Zdaniem Adama Sikorskiego, prezesa Unimotu, utrata 1,5 mld zł przez szwajcarską spółkę Orlenu w ramach współpracy z pochodzącym z Libanu pośrednikiem Samerem A., to zdarzenie, które „wymyka się logice handlowo – tradingowej”.
„To Orlen zwykle żądał gwarancji dostawy od dostawcy w formie dokumentu tzw. >>>performance bond. Nawet duzi pośrednicy handlujący rosyjską ropą, musieli lata temu składać Orlenowi takie gwarancje bankowe” – stwierdził w rozmowie z Wzielonejstrefie.pl, Adam Sikorski, prezes Unimotu.
„Tu się stała sytuacja kompletnie odwrotna (chodzi o utratę 1,5 mld zł przez szwajcarską spółkę Orlenu w ramach współpracy z pochodzącym z Libanu pośrednikiem Samerem A.)” – dodał Sikorski.
„Zdarza się, w tym biznesie, że płaci się przedpłatę, ale ona może być płacona w przypadku dużego, wiarygodnego podmiotu. Ma to związek z chęcią ograniczenia biurokracji np. konieczności płacenia akredytyw” – stwierdził prezes Unimotu.
„Ostatnie 2-3 lata były na rynkach paliw takie, że doświadczenia zbierane przez ostatnie 20-30 lat można wyrzucić do kosza. Świat się zmienił. Szczególnie świat traderski. W momencie, w którym weszły sankcje na produkty rosyjskie liczba hochsztaplerów wzrosła w sposób geometryczny. Oni przychodzą z ofertami także do nas” – kontynuował menadżer.
„Tu stało się coś co wymyka się poza handlowo – tradingowe sprawy. To jakiś fraud” – Sikorski ponownie ocenił sytuację związaną ze szwajcarską spółką Orlenu.

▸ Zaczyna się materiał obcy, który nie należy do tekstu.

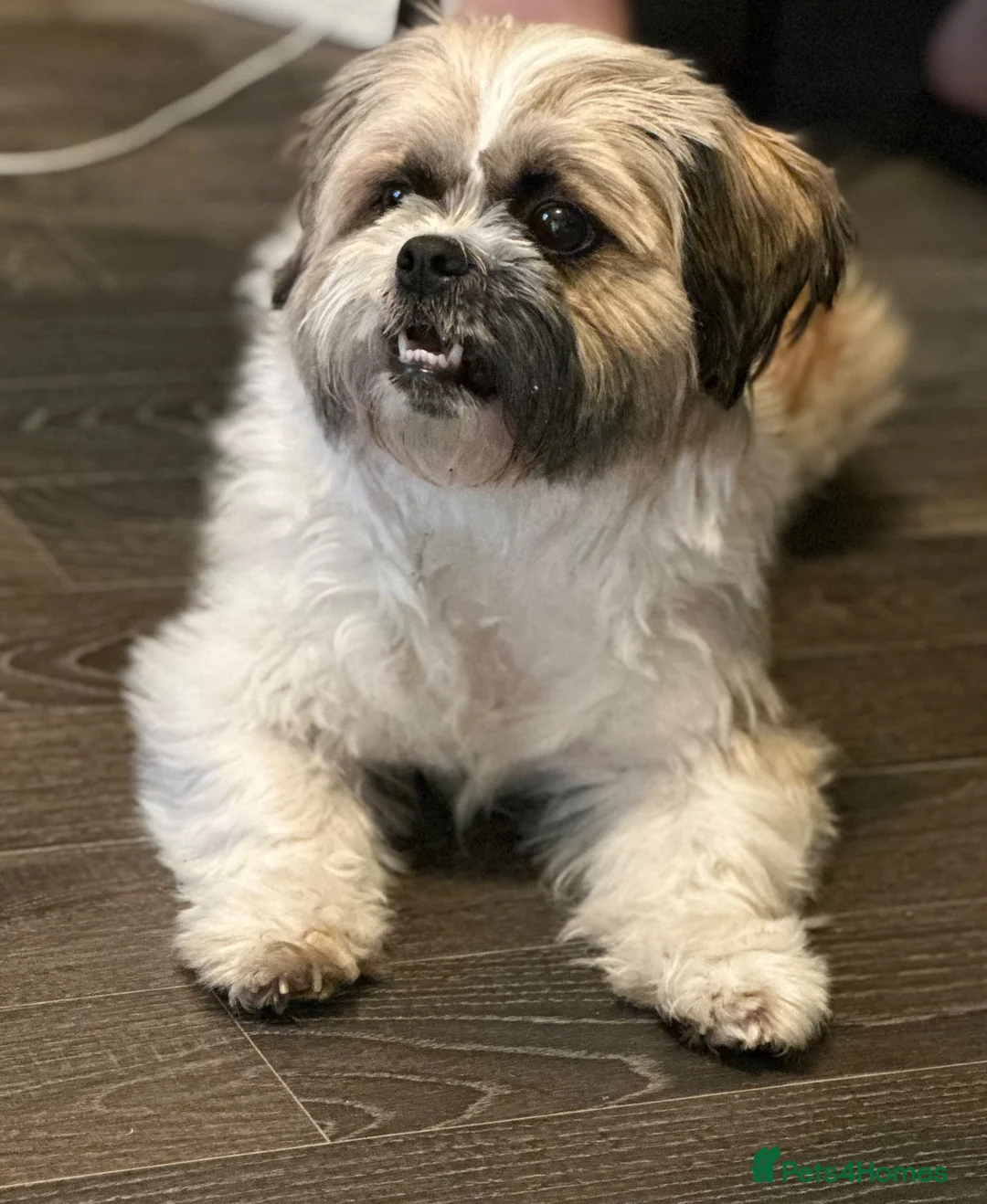Shih Tzu dogs for sale: Shi Tzu  in Nottingham - Advert 1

„Orlen sam poinformował w listopadzie, że zaczyna handlować ropą wenezuelską i będzie chciał ją sprzedawać w Chinach. Pomysł z wysokiego C, ale ok, może miało to jakiś sens. Część osób mówi, że za wcześnie się wycofano z tego porozumienia, bo przecież wyczarterowane statki stały w portach i czekały na załadunek. Ale ile miały czekać skoro trwało to wiele miesięcy?” – zastanawia się Sikorski.